For instance, Temu is ranked first in “clothing and accessories” ad visibility in the United Kingdom over the past 28 days — higher than Amazon, eBay, Asos, Shein and Nike.
The only shopping ads I have seen are ads on actual storefronts such as Amazon, Ebay, Steam, GOG, or a few other places I shop. They are generally first-party ads with the exception of Amazon. Amazon’s sponsored results are atrocious, however – sometimes GLBSUNION and CUZMAK bad. But I digress.
One question, though, is how much this ad spend resonates with people or turns them into repeat buyers.
According to my sample size of me – not at all.
Other numbers appear promising. GWS Magnify estimates Temu had 82.4 million active shoppers using its app in September, up from 4.6 million a year prior.

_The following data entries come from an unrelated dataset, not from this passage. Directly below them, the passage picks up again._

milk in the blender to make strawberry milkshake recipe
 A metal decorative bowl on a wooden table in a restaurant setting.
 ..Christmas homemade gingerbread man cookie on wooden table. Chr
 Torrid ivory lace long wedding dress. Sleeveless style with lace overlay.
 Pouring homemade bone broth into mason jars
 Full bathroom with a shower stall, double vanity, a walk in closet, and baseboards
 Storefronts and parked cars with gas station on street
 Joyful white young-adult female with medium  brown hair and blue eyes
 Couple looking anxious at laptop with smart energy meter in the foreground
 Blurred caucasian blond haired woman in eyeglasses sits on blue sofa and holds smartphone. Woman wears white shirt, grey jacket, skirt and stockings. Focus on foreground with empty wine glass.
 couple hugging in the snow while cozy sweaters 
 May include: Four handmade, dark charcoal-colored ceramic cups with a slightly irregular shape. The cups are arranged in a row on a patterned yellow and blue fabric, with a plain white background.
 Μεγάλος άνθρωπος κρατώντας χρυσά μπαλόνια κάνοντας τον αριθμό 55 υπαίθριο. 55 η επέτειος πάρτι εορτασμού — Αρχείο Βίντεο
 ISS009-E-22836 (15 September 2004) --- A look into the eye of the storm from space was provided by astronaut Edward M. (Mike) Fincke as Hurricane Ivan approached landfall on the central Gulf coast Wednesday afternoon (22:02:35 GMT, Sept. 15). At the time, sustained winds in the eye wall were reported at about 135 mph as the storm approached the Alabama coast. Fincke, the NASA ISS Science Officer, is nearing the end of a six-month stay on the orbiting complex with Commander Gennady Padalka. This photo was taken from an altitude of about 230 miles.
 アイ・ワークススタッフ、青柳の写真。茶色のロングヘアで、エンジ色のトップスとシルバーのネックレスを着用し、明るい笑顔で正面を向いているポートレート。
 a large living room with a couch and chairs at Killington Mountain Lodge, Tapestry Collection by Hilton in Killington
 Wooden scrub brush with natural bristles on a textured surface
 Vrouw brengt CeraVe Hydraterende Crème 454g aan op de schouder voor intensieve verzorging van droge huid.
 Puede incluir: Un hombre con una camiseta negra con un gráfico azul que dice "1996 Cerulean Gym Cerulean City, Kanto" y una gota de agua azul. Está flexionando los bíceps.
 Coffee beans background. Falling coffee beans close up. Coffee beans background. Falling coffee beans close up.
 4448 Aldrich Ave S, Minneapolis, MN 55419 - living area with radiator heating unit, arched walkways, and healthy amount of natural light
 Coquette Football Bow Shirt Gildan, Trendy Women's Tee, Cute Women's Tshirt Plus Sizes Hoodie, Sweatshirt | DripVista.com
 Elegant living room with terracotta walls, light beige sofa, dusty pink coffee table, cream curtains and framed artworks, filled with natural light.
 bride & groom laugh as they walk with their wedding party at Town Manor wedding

I cringe to think what the permissions are on the Temu app. Please do not download weird Chinese shopping apps (or any shopping apps if you can avoid it)… If your online store is not accessible from a normal web browser, that is a sign you should not buy from it (note that I do not know whether Temu requires the app to shop and I am not interested in finding out).
Besides running ads, Temu is fundamentally changing the way the ad landscape works, marketers say.
Wow, this almost makes me want to check in on the ad situation (not).
I gleaned one lesson from learning about Temu for the first time on the evening of January 24, 2024: I am using the internet correctly. Protect yourself with uBlock Origin if it is available or use Brave, which has built-in adblocking (you can always whitelist specific sites you trust and/or want to support). While I recommend looking into full or partial alternatives to Google and Bing, you can be a discerning searcher – using well-constructed, targeted queries, and understanding how to ignore ad-ridden results, while using the big boys (I also recommend using domain-specific search short cuts and employing other methods to reduce your reliance on big tech generalist search engines). To the extent practicable (I understand not everyone can quit wholesale), avoid platforms and services such as Facebook, Instagram, X, and TikTok (which should be banned) that view you as a product to sell to annoying advertisers like Temu. Finally – one of the best ways to avoid annoying ads and frivolous content is to find websites worth following and add them to a feed reader, preferably combined with a read-it-later tool (I recommend starting with The New Leaf Journal). Think of your own web browsers and devices as your digital home, and manage which parts of the internet are allowed in just like you would manage your real home. Do this well and you can join me in being ignorant of the newest online spam retailers, TikTok trends, and celebrity gossip-bait.